▶ [TASK DETAILS]: Among the entries below, find the line with "29.06.2025 - hella" and the line with "近くの伊達市立梁川小学校まで1,000m（徒歩13分）". Return exactly those lines and every line between them, but no pictures.

▶ [GIVEN DATA]:
Start of Block

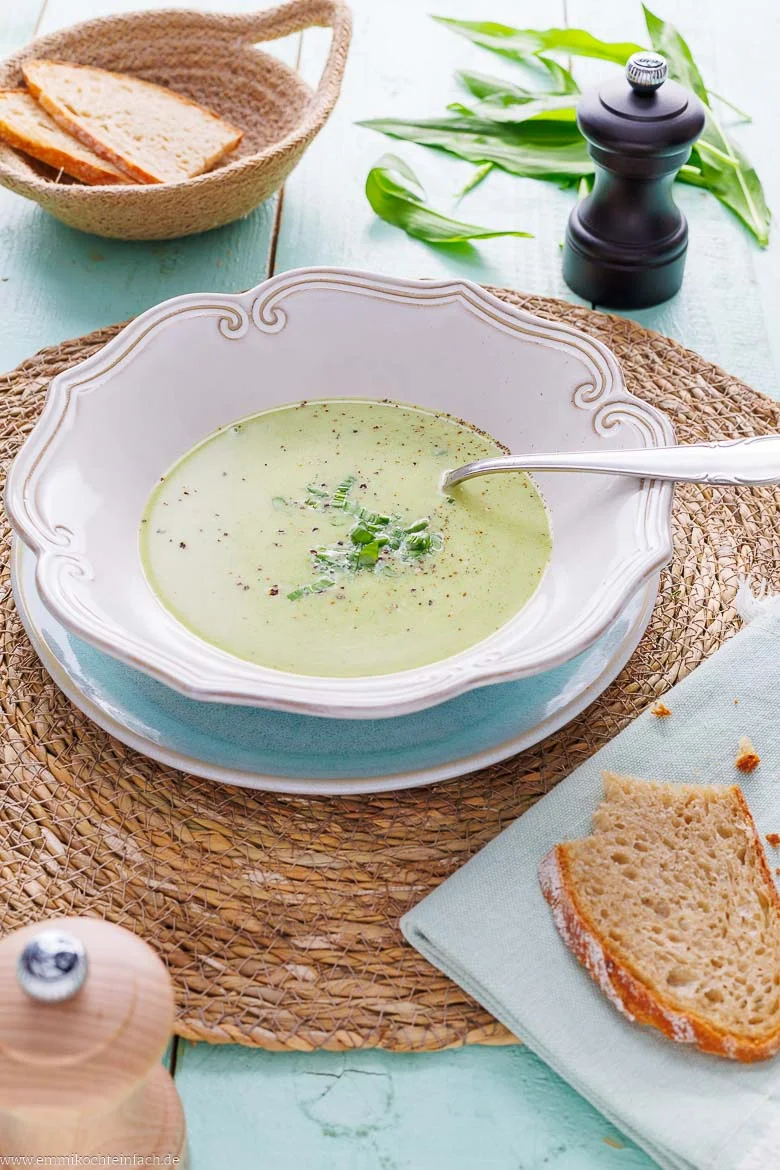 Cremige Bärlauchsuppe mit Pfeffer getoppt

End of Block
Start of Block

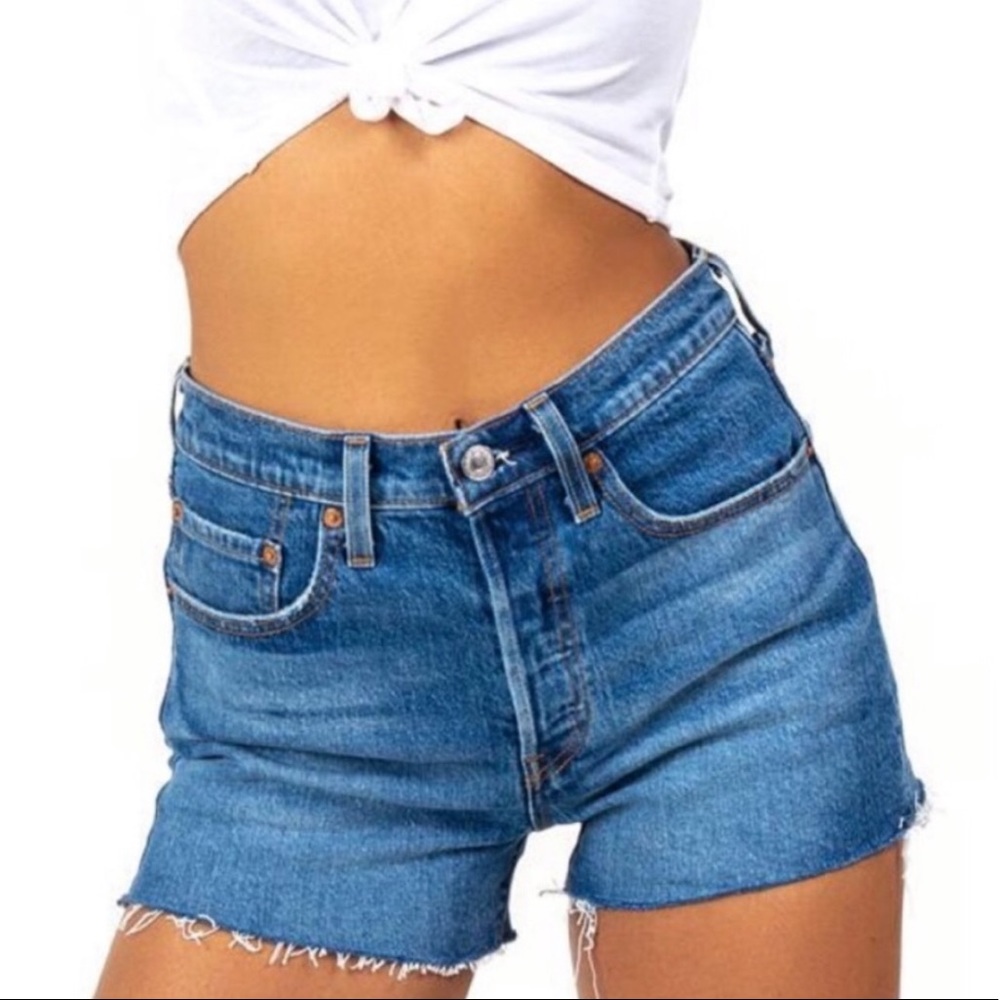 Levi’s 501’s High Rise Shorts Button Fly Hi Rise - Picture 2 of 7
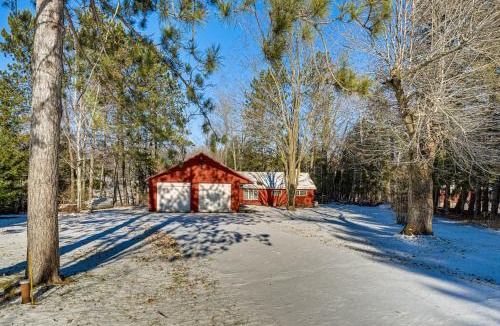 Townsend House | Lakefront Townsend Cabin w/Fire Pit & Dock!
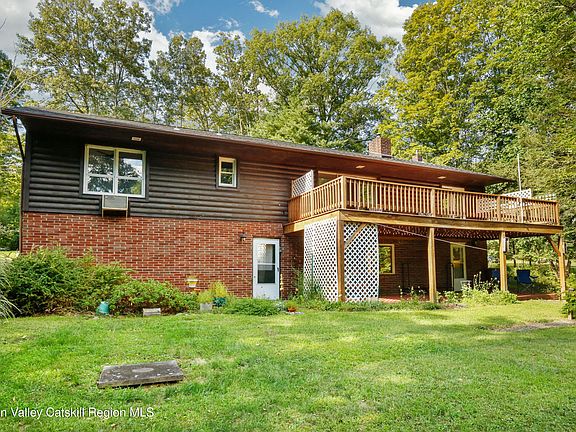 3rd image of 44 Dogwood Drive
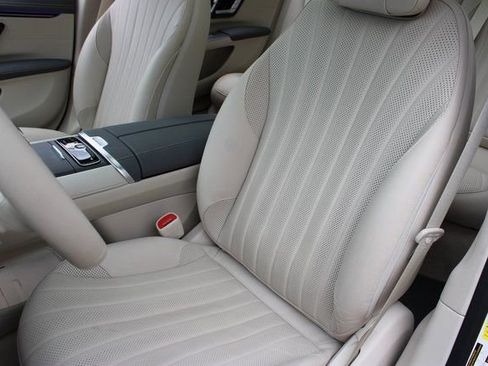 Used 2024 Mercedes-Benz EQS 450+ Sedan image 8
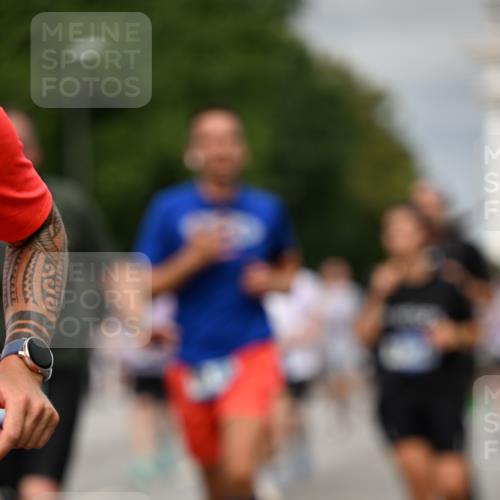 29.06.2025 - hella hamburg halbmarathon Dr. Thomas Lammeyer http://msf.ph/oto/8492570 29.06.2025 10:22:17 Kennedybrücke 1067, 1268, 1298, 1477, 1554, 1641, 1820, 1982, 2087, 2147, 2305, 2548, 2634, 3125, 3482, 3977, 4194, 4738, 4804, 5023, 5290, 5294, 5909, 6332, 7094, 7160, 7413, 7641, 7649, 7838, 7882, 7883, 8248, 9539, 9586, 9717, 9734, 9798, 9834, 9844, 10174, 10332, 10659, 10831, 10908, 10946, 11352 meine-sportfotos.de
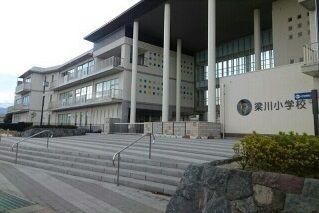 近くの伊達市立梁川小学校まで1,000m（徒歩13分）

End of Block

▶ [ANSWER BOX]:
 29.06.2025 - hella hamburg halbmarathon Dr. Thomas Lammeyer http://msf.ph/oto/8492570 29.06.2025 10:22:17 Kennedybrücke 1067, 1268, 1298, 1477, 1554, 1641, 1820, 1982, 2087, 2147, 2305, 2548, 2634, 3125, 3482, 3977, 4194, 4738, 4804, 5023, 5290, 5294, 5909, 6332, 7094, 7160, 7413, 7641, 7649, 7838, 7882, 7883, 8248, 9539, 9586, 9717, 9734, 9798, 9834, 9844, 10174, 10332, 10659, 10831, 10908, 10946, 11352 meine-sportfotos.de
 近くの伊達市立梁川小学校まで1,000m（徒歩13分）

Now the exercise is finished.